清純な子役からスタートし、やがて、幻想的な艶姿を見せるようになった。女優・鰐淵晴子(71)は、今もどこか浮世離れした存在感を放つ。
私は母親が厳しかったので、キスシーンも許してもらえませんでした。それでも、最初の結婚と離婚を機に、アメリカに渡って写真集を撮ったのが70年のことです。
発表したら母親とは喧々諤々でしたけど、作品としてきちんと残せた。今なおフランスで写真の個展が開かれるなどしておりますので、撮ってよかったと思います。
あのグラマーな乳房の表紙のことをよく言われますが、単にライティングがよかったんでしょうね(笑)。ニューヨークの街角でゲリラ撮影したことも、今では懐かしく思います。
そして今回は、金田一耕助探偵が登場する「悪魔が来りて笛を吹く」(79年、東映)のお話が中心ということでしたね。あの作品に出た時の私は34歳で、激しいベッドシーンというのも初めてのことでした。
私が演じたのは元子爵の椿家に嫁いだ秋子です。40歳になって、大きな娘もいるのに、今なお少女のような若さを持っているという役です。秋子は小さい頃からの乳母を、今もそばに置いて身の回りのことをさせているような女性です。
この秋子には重大な秘密があります。実の兄である新宮利彦と関係を持ったばかりか、その子を産み落としてしまったことが「悪魔が来りて」の由来になっています。
監督は斎藤光正さんで、私は楽屋で涙するくらい、毎日、怒られてばかりいました。監督は黒澤明さんの「白痴」(51年、松竹)をベースにしていて、森雅之さんが演じた主人公を私に重ねているとおっしゃられました。
ただ、私の演技のどこが悪いのかまったくわからない。私はある日、ここまで追い込まれて、悩んで苦しんだ末に出てきた「秋子」が撮りたいんじゃないだろうかと気づきました。
秋子は兄との近親相姦が精神面に作用して、いつも誰かに抱かれていたいと思う烈(はげ)しい女でした。相手が誰であれ埋められない「渇き」があったのだと思います。

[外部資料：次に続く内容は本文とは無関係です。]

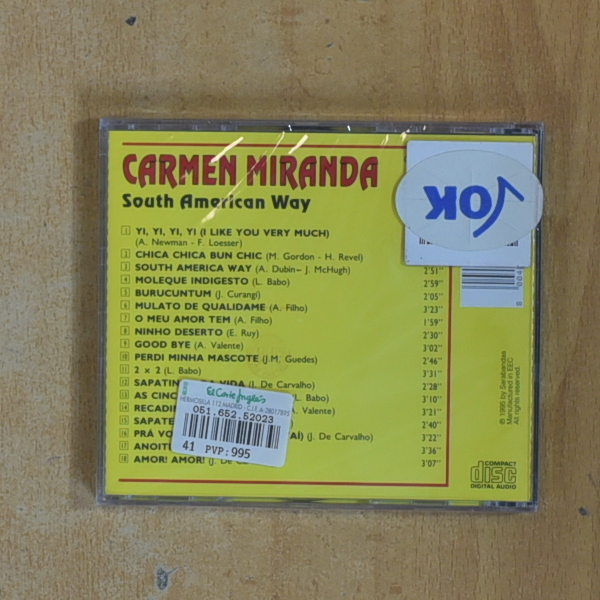 CARMEN MIRANDA - SOUTH AMERICAN - CD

演じてみて秋子の気持ちは、どこかわかる気がします。世の中には男と女しかいないのですし、男性にはない「魔性」という特権を女は持つことができる。ああいうミステリアスな部分を演じられて、私は幸せでしたよ。
秋子は事件が解決して、2階の窓から「いつか、こんな日が来るのを望んでいた」と言い残し、深い闇の底へ飛び降ります。秋子は常に、もともと自分は最初から存在していないのではないかという思いがあった。それが、あの落ちてゆくシーンに集約されたのだと思います。
私はその少し前に、ドラマ版の「八つ墓村」(78年、TBS系)で、事件の鍵を握る森美也子を演じました。金田一シリーズのファンの方には、森美也子も椿秋子もモンスター級に恐ろしいヒロインのようですが、そこに「美しくなければならない」という意識で演じられたのは、女優冥利に尽きました。